━━━━━ Records supplied ━━━━━
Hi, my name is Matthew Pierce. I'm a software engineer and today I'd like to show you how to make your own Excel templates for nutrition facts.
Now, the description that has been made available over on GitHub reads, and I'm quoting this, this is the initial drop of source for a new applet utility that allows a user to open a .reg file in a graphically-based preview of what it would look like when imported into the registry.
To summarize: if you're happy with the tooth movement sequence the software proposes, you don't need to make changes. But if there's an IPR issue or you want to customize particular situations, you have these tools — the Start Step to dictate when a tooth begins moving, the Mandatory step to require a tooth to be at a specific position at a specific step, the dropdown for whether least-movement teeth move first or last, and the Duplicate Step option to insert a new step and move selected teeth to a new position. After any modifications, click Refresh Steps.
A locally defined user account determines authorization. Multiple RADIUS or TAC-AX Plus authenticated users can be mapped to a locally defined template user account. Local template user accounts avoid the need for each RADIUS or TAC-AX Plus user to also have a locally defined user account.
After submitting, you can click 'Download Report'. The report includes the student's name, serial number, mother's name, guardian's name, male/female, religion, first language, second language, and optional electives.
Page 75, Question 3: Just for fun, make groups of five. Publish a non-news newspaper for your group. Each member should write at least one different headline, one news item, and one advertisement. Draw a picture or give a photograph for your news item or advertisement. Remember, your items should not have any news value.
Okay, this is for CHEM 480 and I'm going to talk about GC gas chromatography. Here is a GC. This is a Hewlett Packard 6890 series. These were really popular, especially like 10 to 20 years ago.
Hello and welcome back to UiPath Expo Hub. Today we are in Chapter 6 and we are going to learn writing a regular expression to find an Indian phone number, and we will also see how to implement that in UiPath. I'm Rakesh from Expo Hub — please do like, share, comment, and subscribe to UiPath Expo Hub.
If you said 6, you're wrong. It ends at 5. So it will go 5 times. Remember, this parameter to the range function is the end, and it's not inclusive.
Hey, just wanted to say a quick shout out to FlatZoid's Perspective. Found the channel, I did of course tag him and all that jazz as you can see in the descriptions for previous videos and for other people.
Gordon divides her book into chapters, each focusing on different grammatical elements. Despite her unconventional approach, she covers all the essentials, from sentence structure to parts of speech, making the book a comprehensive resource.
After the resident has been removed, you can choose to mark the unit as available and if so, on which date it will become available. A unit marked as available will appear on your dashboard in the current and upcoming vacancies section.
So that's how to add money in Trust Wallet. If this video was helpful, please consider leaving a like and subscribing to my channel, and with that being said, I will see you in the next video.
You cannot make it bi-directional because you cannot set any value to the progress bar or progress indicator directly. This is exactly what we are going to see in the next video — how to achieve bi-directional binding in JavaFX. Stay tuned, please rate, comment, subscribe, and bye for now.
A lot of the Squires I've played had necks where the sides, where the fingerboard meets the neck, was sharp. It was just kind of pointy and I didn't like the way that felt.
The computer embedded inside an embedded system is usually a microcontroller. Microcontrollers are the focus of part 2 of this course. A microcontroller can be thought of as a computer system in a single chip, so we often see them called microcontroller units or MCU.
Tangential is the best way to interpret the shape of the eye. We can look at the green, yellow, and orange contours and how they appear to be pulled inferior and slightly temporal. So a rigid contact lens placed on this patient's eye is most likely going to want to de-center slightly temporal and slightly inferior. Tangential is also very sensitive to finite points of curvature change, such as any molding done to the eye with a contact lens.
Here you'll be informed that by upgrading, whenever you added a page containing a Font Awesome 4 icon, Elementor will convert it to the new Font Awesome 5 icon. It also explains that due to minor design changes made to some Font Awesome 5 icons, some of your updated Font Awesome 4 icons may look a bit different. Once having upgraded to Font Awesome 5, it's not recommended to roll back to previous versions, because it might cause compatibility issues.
━━━━━
* Problem
Retype only the stretch of lines above starting at the one with "You cannot make" and stopping at the one with "Tangential is the", exactly as written, with both kept.

* Exercise solution
You cannot make it bi-directional because you cannot set any value to the progress bar or progress indicator directly. This is exactly what we are going to see in the next video — how to achieve bi-directional binding in JavaFX. Stay tuned, please rate, comment, subscribe, and bye for now.
A lot of the Squires I've played had necks where the sides, where the fingerboard meets the neck, was sharp. It was just kind of pointy and I didn't like the way that felt.
The computer embedded inside an embedded system is usually a microcontroller. Microcontrollers are the focus of part 2 of this course. A microcontroller can be thought of as a computer system in a single chip, so we often see them called microcontroller units or MCU.
Tangential is the best way to interpret the shape of the eye. We can look at the green, yellow, and orange contours and how they appear to be pulled inferior and slightly temporal. So a rigid contact lens placed on this patient's eye is most likely going to want to de-center slightly temporal and slightly inferior. Tangential is also very sensitive to finite points of curvature change, such as any molding done to the eye with a contact lens.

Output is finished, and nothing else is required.